Required action
Without any pictures, retype exactly the lines that begin at the one holding "Chrome Glass Finish" and end at the last line of the data below.

-- Recorded data follows --

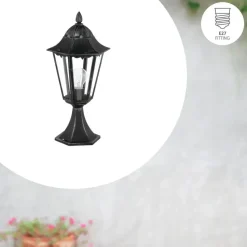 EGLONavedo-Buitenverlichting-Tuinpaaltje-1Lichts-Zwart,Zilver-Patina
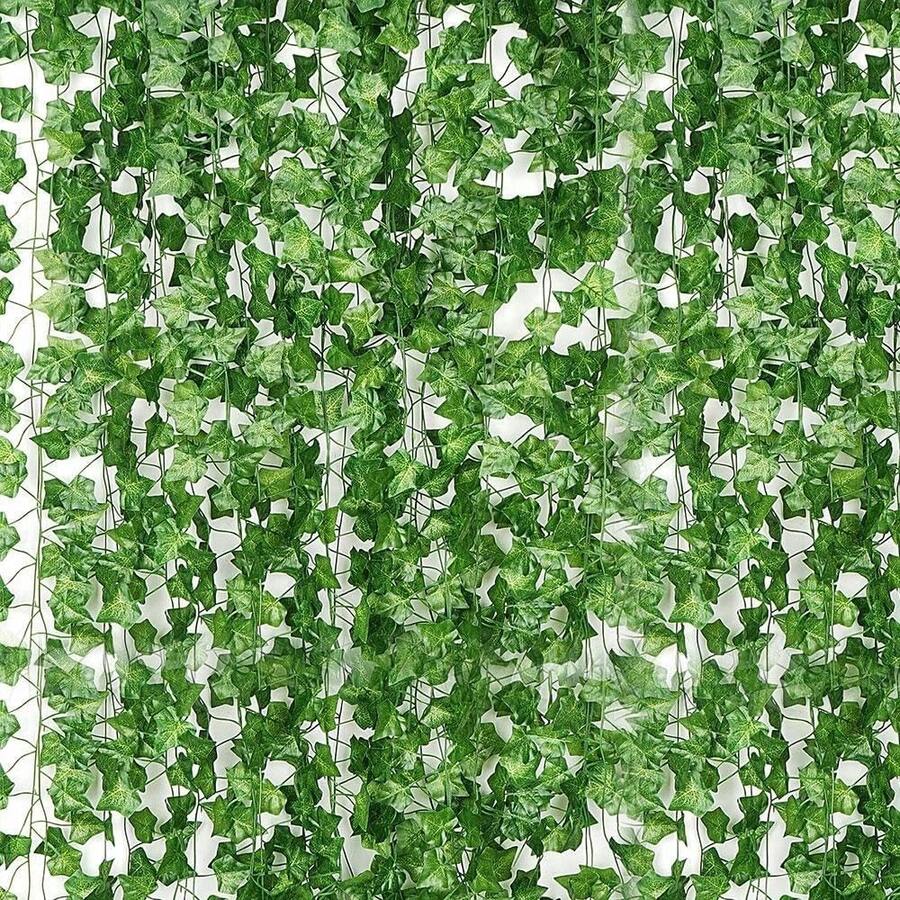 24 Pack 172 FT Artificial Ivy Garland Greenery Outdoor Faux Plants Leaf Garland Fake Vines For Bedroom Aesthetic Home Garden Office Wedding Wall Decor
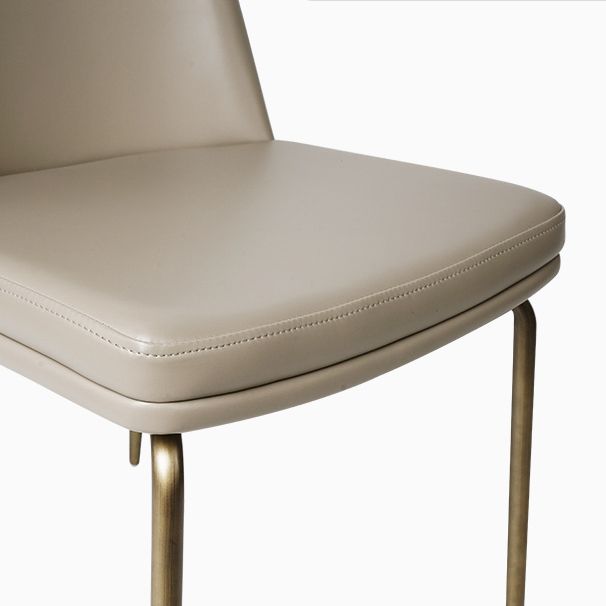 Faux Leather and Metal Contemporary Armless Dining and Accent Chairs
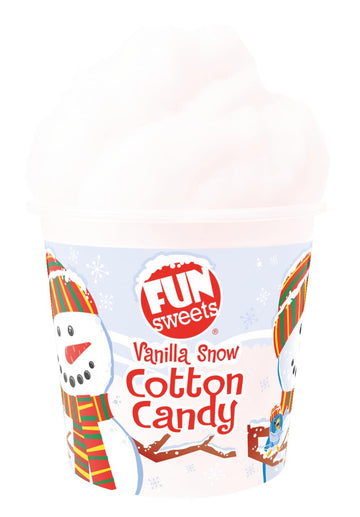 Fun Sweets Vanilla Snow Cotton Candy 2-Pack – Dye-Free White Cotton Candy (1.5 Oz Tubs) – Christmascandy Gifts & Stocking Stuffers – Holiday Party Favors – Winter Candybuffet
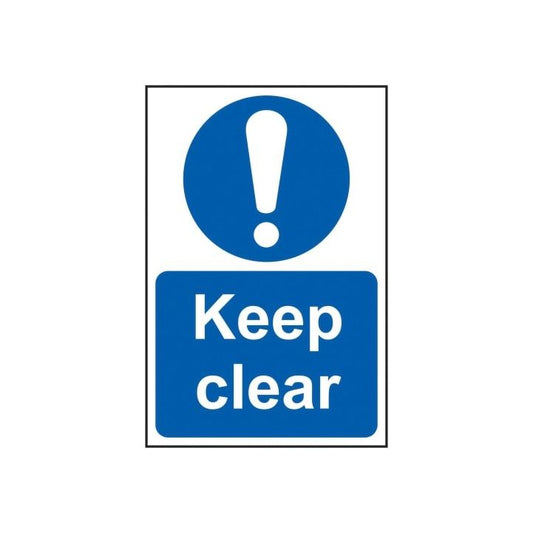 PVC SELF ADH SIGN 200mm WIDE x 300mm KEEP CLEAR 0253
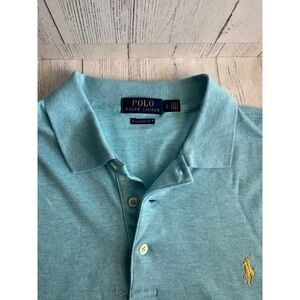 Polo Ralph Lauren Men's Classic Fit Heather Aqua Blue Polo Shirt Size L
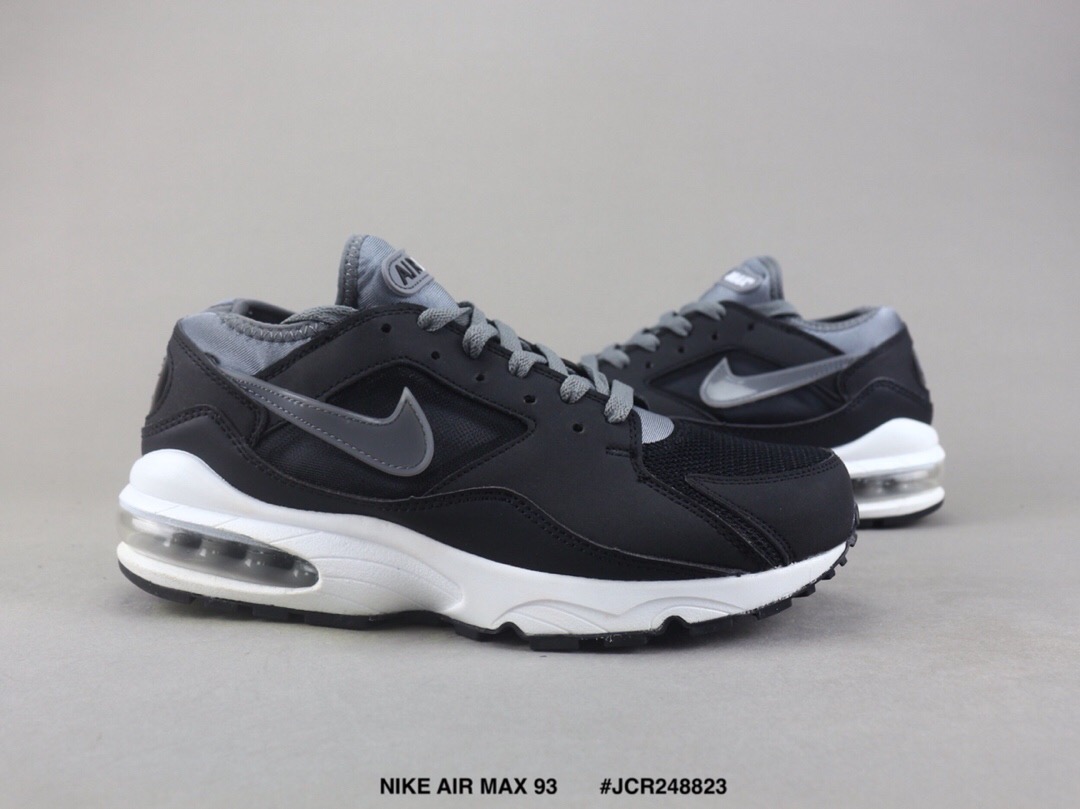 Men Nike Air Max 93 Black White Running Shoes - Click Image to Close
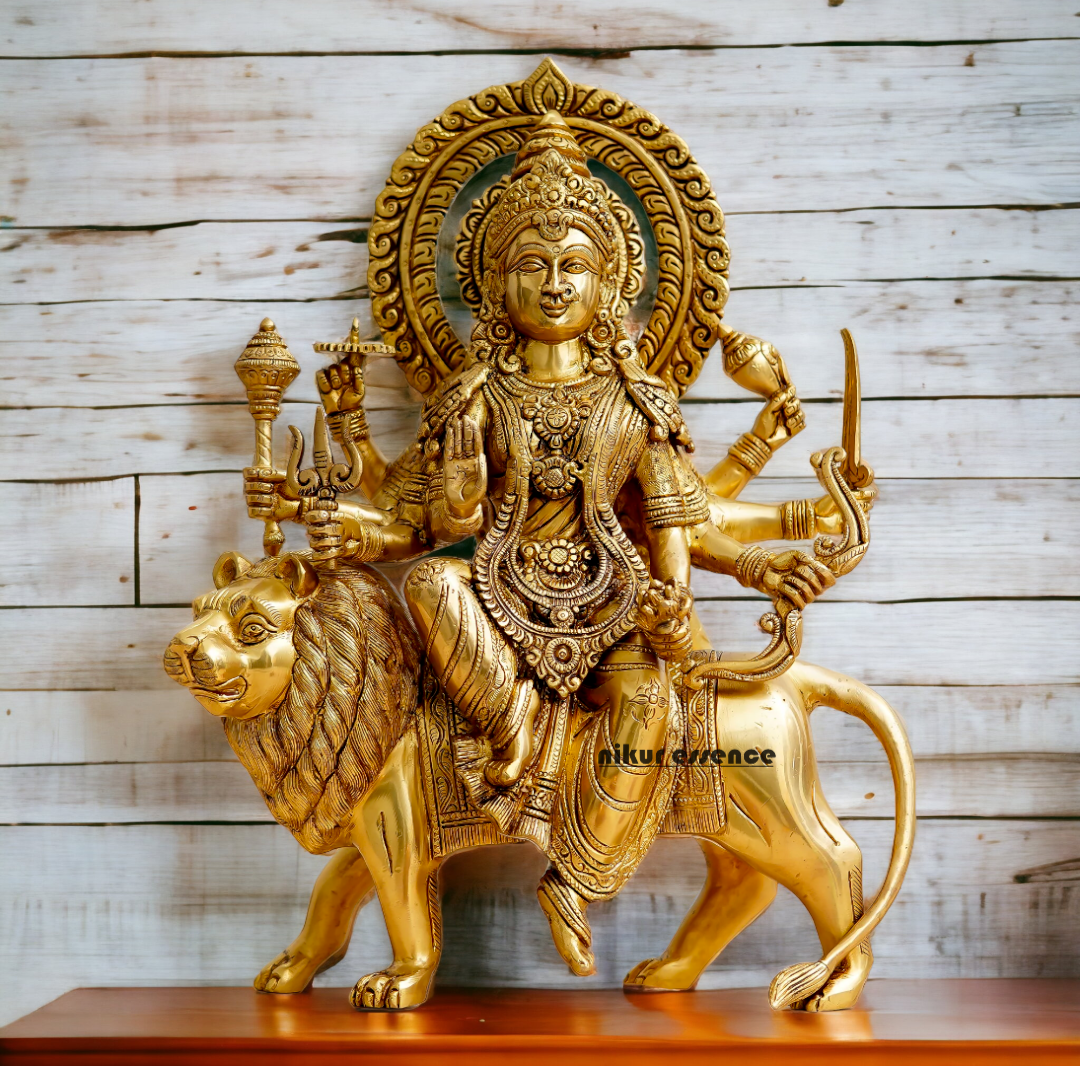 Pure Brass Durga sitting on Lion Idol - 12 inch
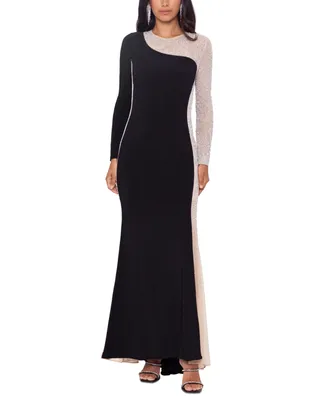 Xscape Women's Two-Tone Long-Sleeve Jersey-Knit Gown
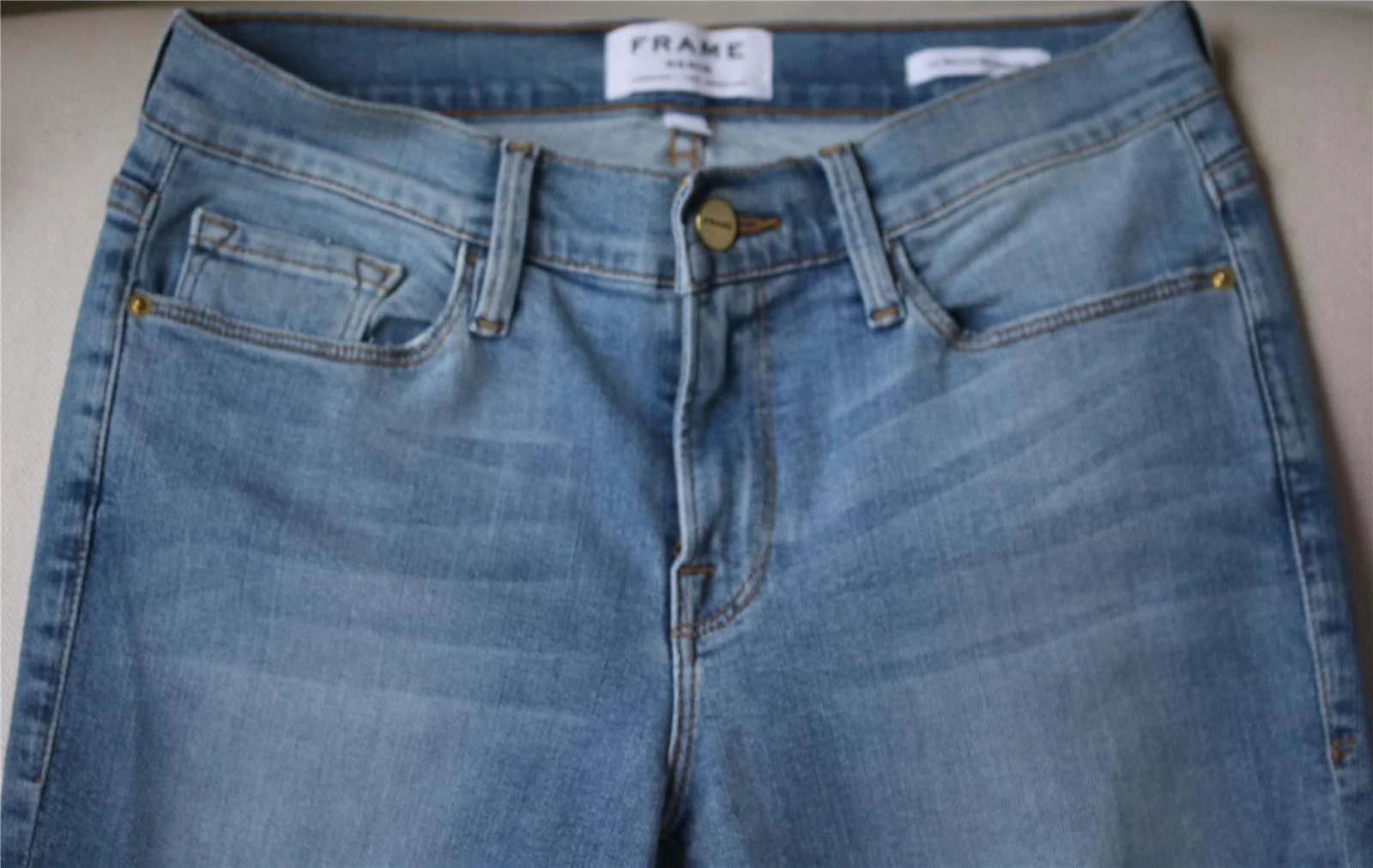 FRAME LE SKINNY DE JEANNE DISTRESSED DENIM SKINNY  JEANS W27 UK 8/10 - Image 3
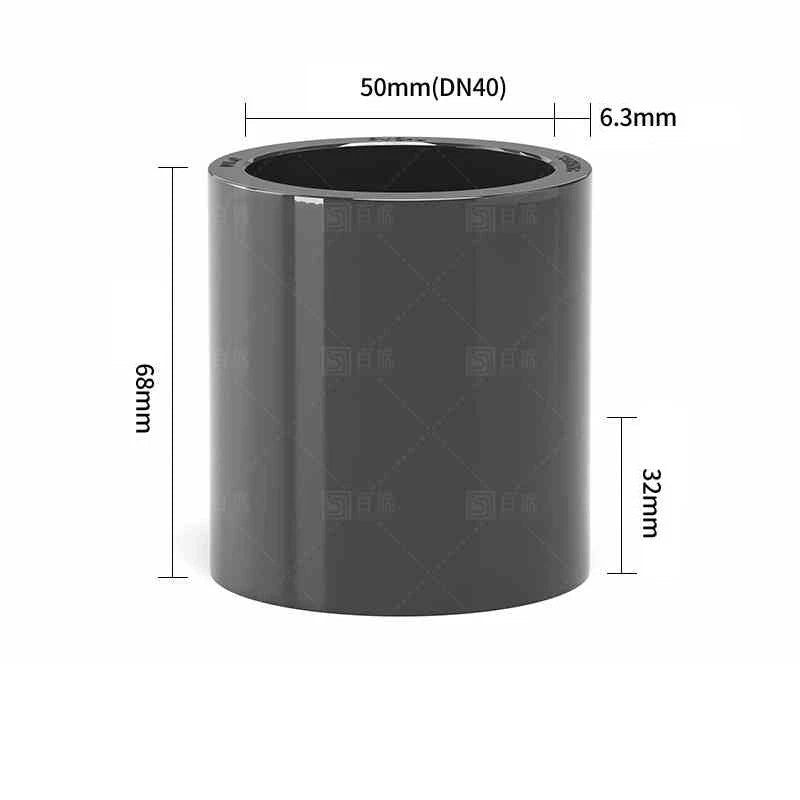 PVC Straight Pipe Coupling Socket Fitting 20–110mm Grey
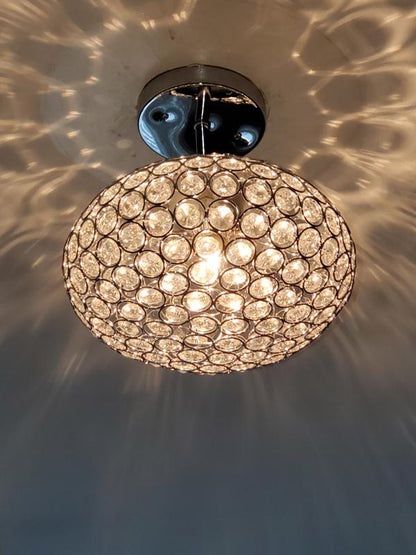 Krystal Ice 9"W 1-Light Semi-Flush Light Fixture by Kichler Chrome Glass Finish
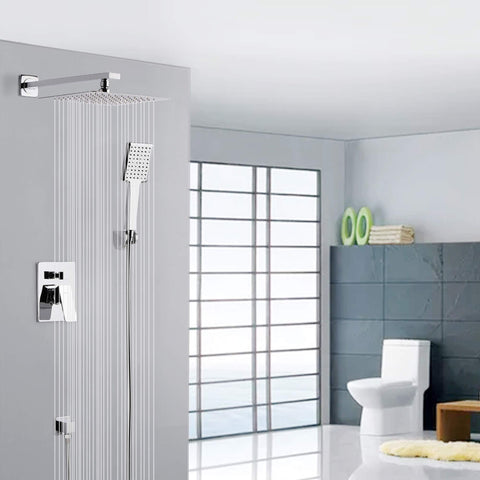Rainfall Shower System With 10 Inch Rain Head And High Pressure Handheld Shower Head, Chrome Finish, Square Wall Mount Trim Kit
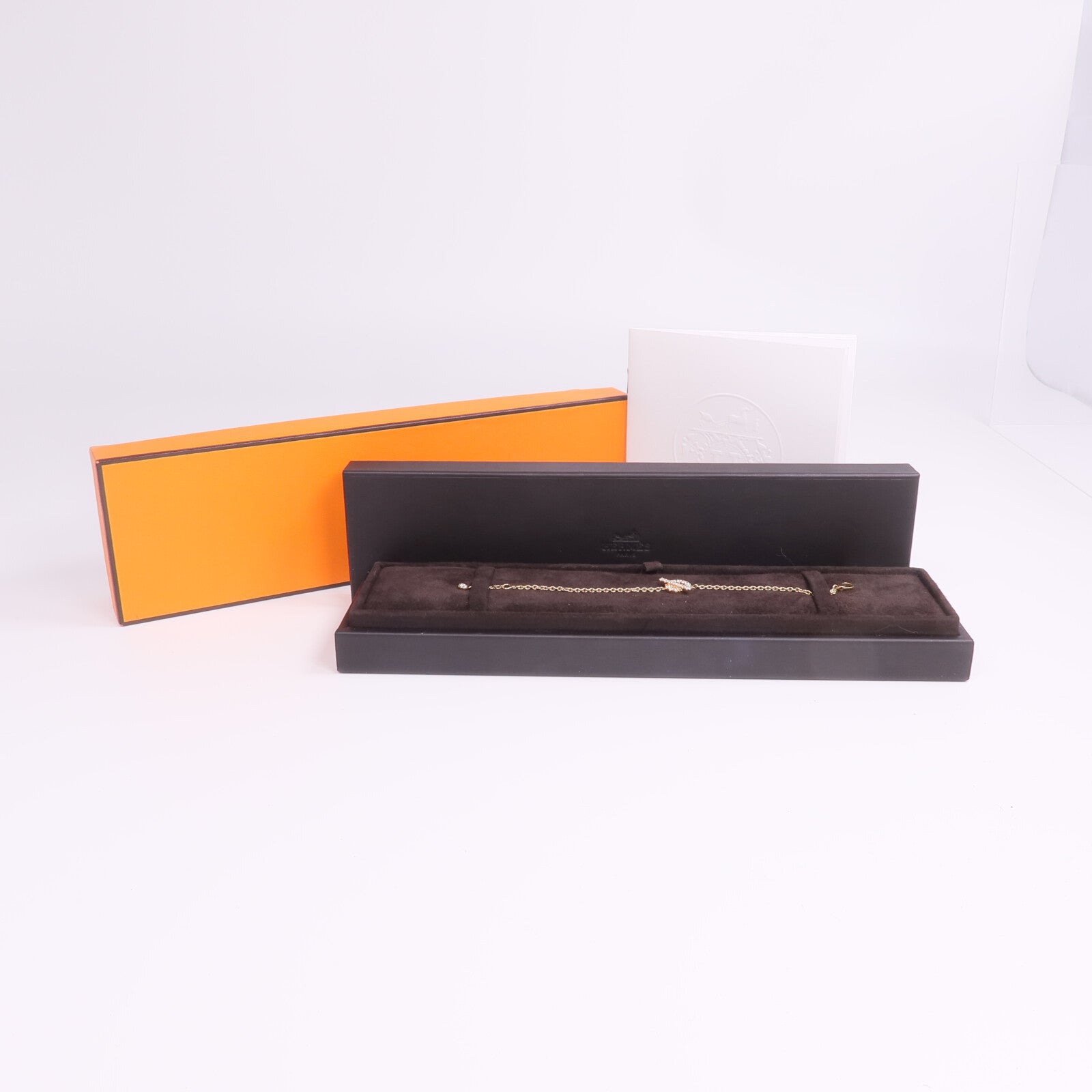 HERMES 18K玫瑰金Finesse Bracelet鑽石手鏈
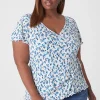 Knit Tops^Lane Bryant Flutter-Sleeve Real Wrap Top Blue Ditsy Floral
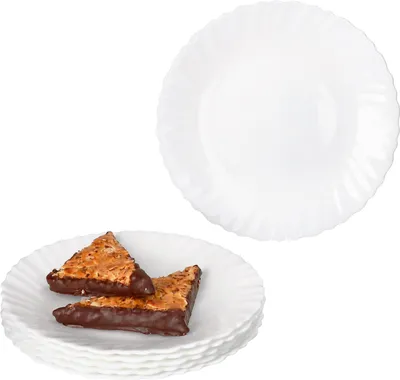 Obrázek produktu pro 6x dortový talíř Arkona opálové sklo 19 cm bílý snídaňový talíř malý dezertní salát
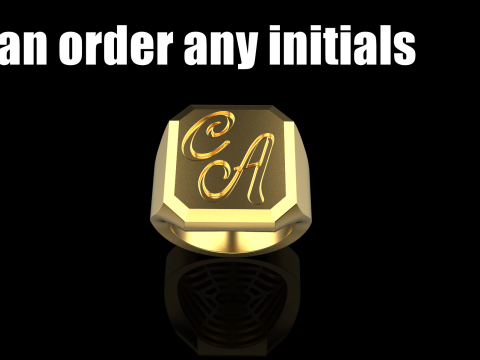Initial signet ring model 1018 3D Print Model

-- Recorded data concluded --

Solution to the problem
 Krystal Ice 9"W 1-Light Semi-Flush Light Fixture by Kichler Chrome Glass Finish
Rainfall Shower System With 10 Inch Rain Head And High Pressure Handheld Shower Head, Chrome Finish, Square Wall Mount Trim Kit
 HERMES 18K玫瑰金Finesse Bracelet鑽石手鏈
 Knit Tops^Lane Bryant Flutter-Sleeve Real Wrap Top Blue Ditsy Floral
 Obrázek produktu pro 6x dortový talíř Arkona opálové sklo 19 cm bílý snídaňový talíř malý dezertní salát
Initial signet ring model 1018 3D Print Model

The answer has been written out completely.